Ведущий прием "Сирен" — словесное моделирование музыкальной материи и музыкальной формы. Странная, эксцентрическая идея! Даже друзья Джойса, даже художники авангардных тенденций не сразу поняли и не все приняли этот эксперимент. Что стоит за ним? Прежде всего, эстетический постулат: такое моделирование лишь тогда возможно, если искусство слова — высшее из искусств, богатейшее по своим выразительным ресурсам; если оно способно вобрать в себя музыку и своими средствами, на своей почве полноценно осуществить ее. Без сомнения, такая абсолютизация, такой культ словесного искусства сложились постепенно у Джойса, равно как твердая вера в свою власть над словом.

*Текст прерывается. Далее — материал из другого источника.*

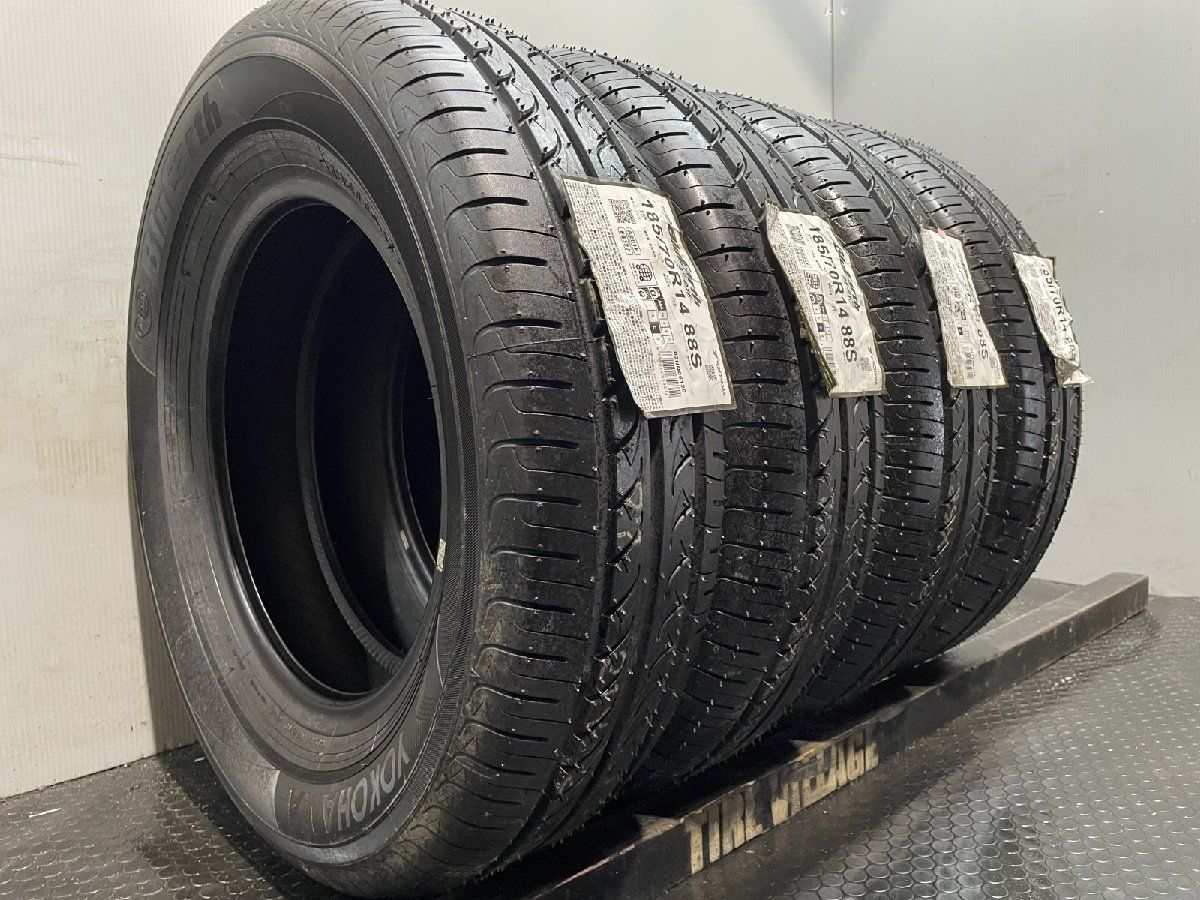 YOKOHAMA BluEarth AE-01F 185 70R14 88S 14インチ 夏タイヤ 4本 20年製 ノート アリオン プレミオ アレックス等 MTR433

Что же до результатов эксперимента, то они оказались различны по отношению к двум сторонам музыки. У специалистов до сих пор нет согласия, присутствует ли в "Сиренах" заявленная автором музыкальная форма, "фуга с каноном". Есть работы, где в тексте эпизода отыскиваются все элементы этой формы; но они так усердны, так желают найти то именно, что находят, что является мысль: при таком рвении фугу можно найти и в объявлении на столбе! Не будем поэтому входить в данный вопрос. Напомним лишь про набор из 58 бессвязных обрывков, которые открывают эпизод, а затем снова встречаются в нем: здесь имитация музыкальной формы (увертюры), разумеется, очевидна; но зато и литературная ценность текста сомнительна. Иное — с музыкальной материей. Нет сомнения, что Джойсу удалось редкостно, почти небывало наполнить и пронизать свой текст музыкальностью. Письмо искусно насыщено самыми разными звуковыми и музыкальными эффектами. Мы слышим мелодии, ритмы, переливы, богатую звуковую инструментовку; улавливаем эффекты стаккато (Ты? Я. Хочу. Чтоб), глиссандо (кап-кап-ляп-ляп-плям-плям), ферматы (без конца и без края — рая — рая). Впечатление усиливается содержанием: музыка входит в действие, наполняет мысли героя, даются прекрасные образные описания стихии пения, льющегося человеческого голоса… И в итоге, оставив в стороне схоластическое стремление к фуге с каноном, мы можем признать, что автору удалось достичь, быть может, предельного сближения словесной и музыкальной стихий. Позднее, в звукописи "Поминок по Финнегану", он зайдет еще дальше в стремлении к музыкальности письма; но при этом нанесет глубокий ущерб возможности его понимания.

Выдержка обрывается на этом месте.